Awful woman, unethical official, political thug. See? Gays in power are just like anyone else!

__________________________

Sources: Huffington Post, Alabama.com

 

342 thoughts on “Ethics Dunce: Alabama State Rep. Patricia Todd (D)

  1. She is unfit to serve because she exposed herself as a person willing to lie and extort others to achieve an end. I thought extortion was a crime not just unethical conduct.

  2. And you wonder why I oppose gay marriage?

    Because those who support it have acted like thugs or encouraged people to act like thugs. From Andrew Sullivan saying that gays should view Mormons as the enemy, to Perez Hilton’s bullying of Carrie Prejean, to Dan Savage and his antics (remember his cyber-bullying of Rick Santorum?), to Floyd Corkins (as an aside, Corkins ADMITTED in court that the SPLC’s “hate groups” map provided him information he used in the shooting), to the treatment of Dr. Angela McCaskill, to what has happened to multiple other people who merely ask to not have to participate or express support for a same-sex wedding, to efforts to get TLC to yank “My Husband’s Not Gay”… the pattern is not only clear, it is undeniable:

    They have decided that the ends (so-called “marriage equality”) justify pursuing any means necessary to attain them.

    The sad fact is, those who oppose such conduct in the LGBT community are either unable or unwilling to stand up against such bullying. We may well see the Supreme Court impose gay marriage across the country, but the scorched-earth tactics will have a price that the LGBT community may end up paying.

    Between the bullying, the state coercing expression on behalf of the LGBT community (let’s be honest, that is what the New Mexico Supreme Court did in the Elane Photography case, and is trying to do in other cases)… let’s just say that when the pendulum swings, the LGBT community will wish it had been much more tolerant of those who disagreed with their political agenda.

    • The LGBT community doesn’t police its crazies. The only community that polices its crazies worse is Islam. The problem isn’t only the crazies, it’s the ordinary folks who look the other way and don’t say anything, and also the non-LGBT people who see this as a progressive wave to ride to somewhere, and so latch onto the bullying, forcing, anything that appears to be going somewhere, and consequences be damned. I don’t doubt there are some in the movement who are principled, but I believe there are a lot more who are cynical and see it as a means to self-advancement, whatever the price to society as a whole.

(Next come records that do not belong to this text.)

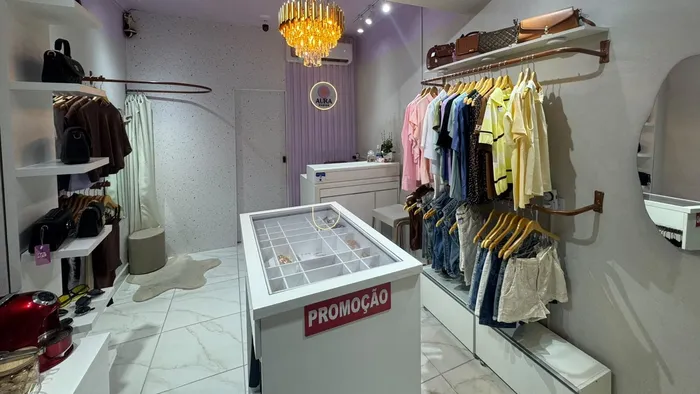 Araras de roupas, prateleiras com bolsas e o lustre de cristal no salão da Aura Choice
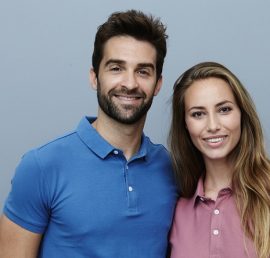Couple in polo shirts smiling for camera
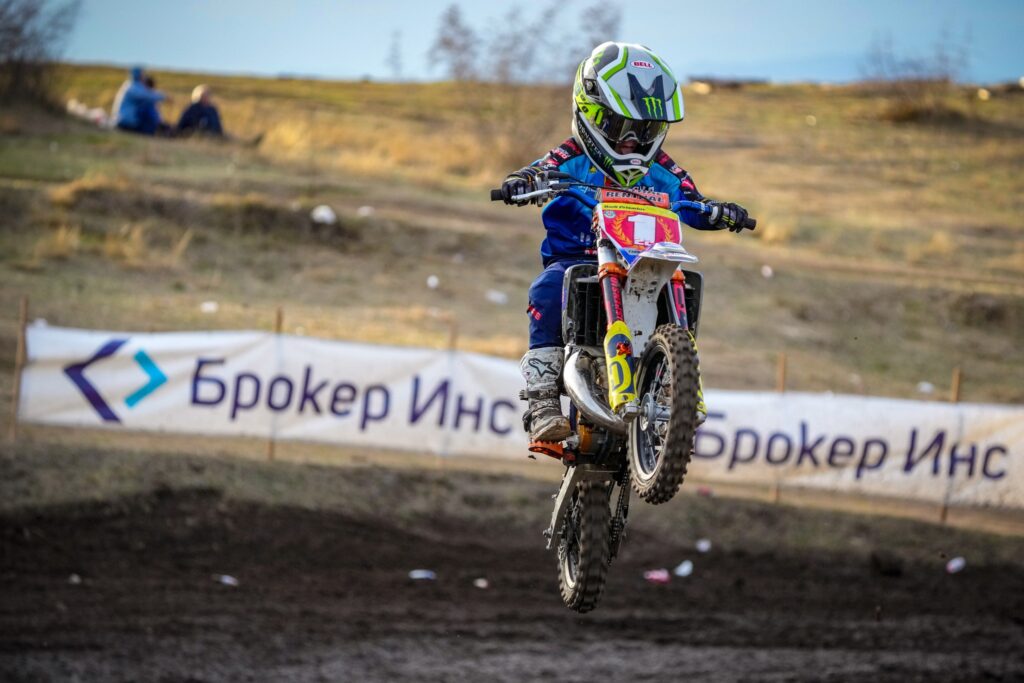 Radi (#22) jumping with the front wheel up, 2023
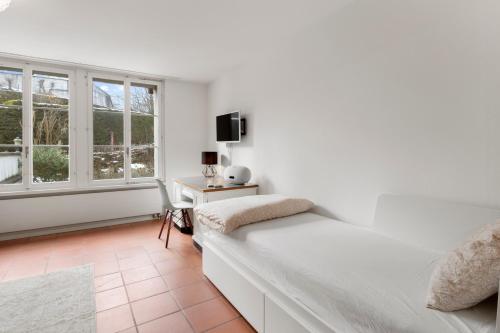 a white bedroom with a bed and a window at Cozy Boutique Apartment at Mt. Rigi in Goldau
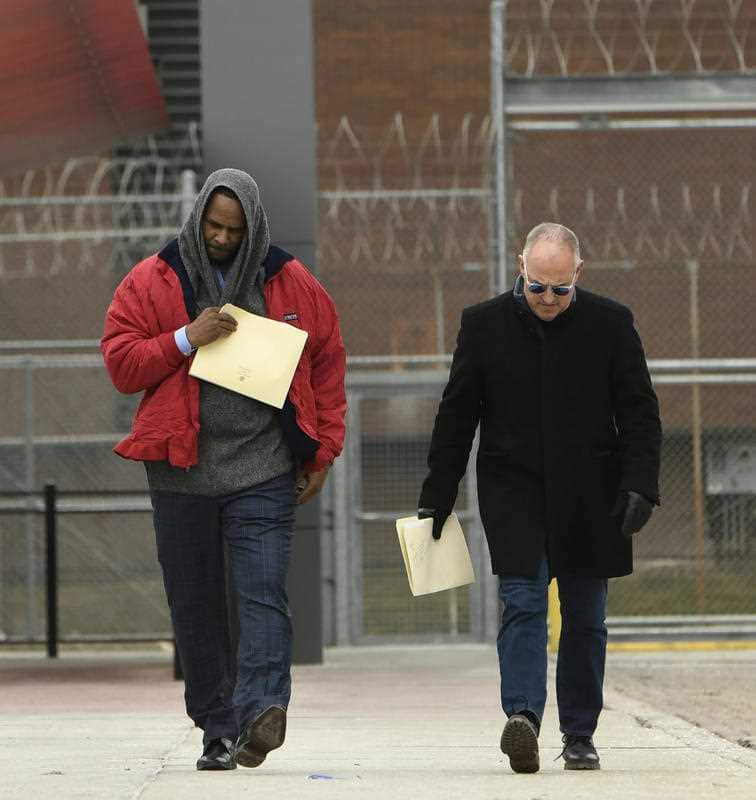 Singer R. Kelly left, walks with his attorney Steve Greenberg right, after being released from Cook County Jail.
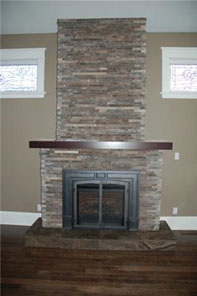 clean classic stone veneer fireplace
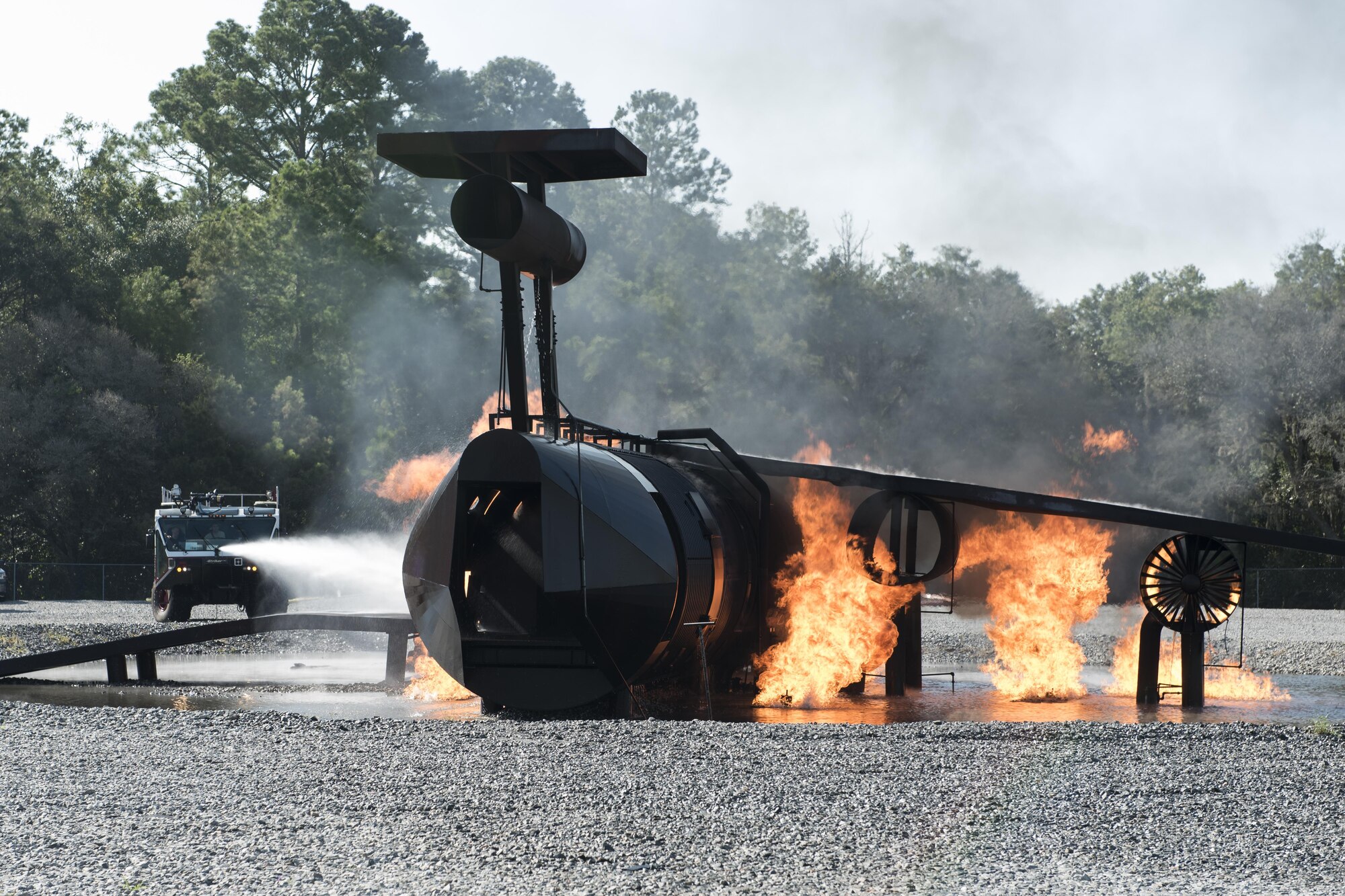 Firefighters from the 23d Civil Engineer Squadron douse flames during live fire training at Moody Air Force Base, Ga., Aug. 24, 2017. This training is an annual requirement for Moody firefighters and is just one of the ways they stay ready to protect people, property and the environment from fires and disasters. (U.S. Air Force photo by Staff Sgt. Olivia Dominique)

      In all fairness to Andrew Sullivan, who I’m not really a fan of, but in the interest of being factual, he did say it was time to back off, lest the gay rights movement become as bad as the religious right. That movement may soon get the ultimate prize it’s been chasing for years. The question becomes what next after that? I am guessing a fair amount of the LGBT community will just settle down with mortgages, kids, and occasionally divorces. At that point the scorched-earth activists will have to decide whether they want to settle down also or not. If not, the next round of battles, where people are “made to care” is not likely to garner as much public support.

      • “I am guessing a fair amount of the LGBT community will just settle down with mortgages, kids, and occasionally divorces.”

        Uh huh. Some of them will even come out as Republicans.

        • What absolutely aggravates me is how many homosexuals I know espouse generally right-wing attitudes on most key political points…except their key topic.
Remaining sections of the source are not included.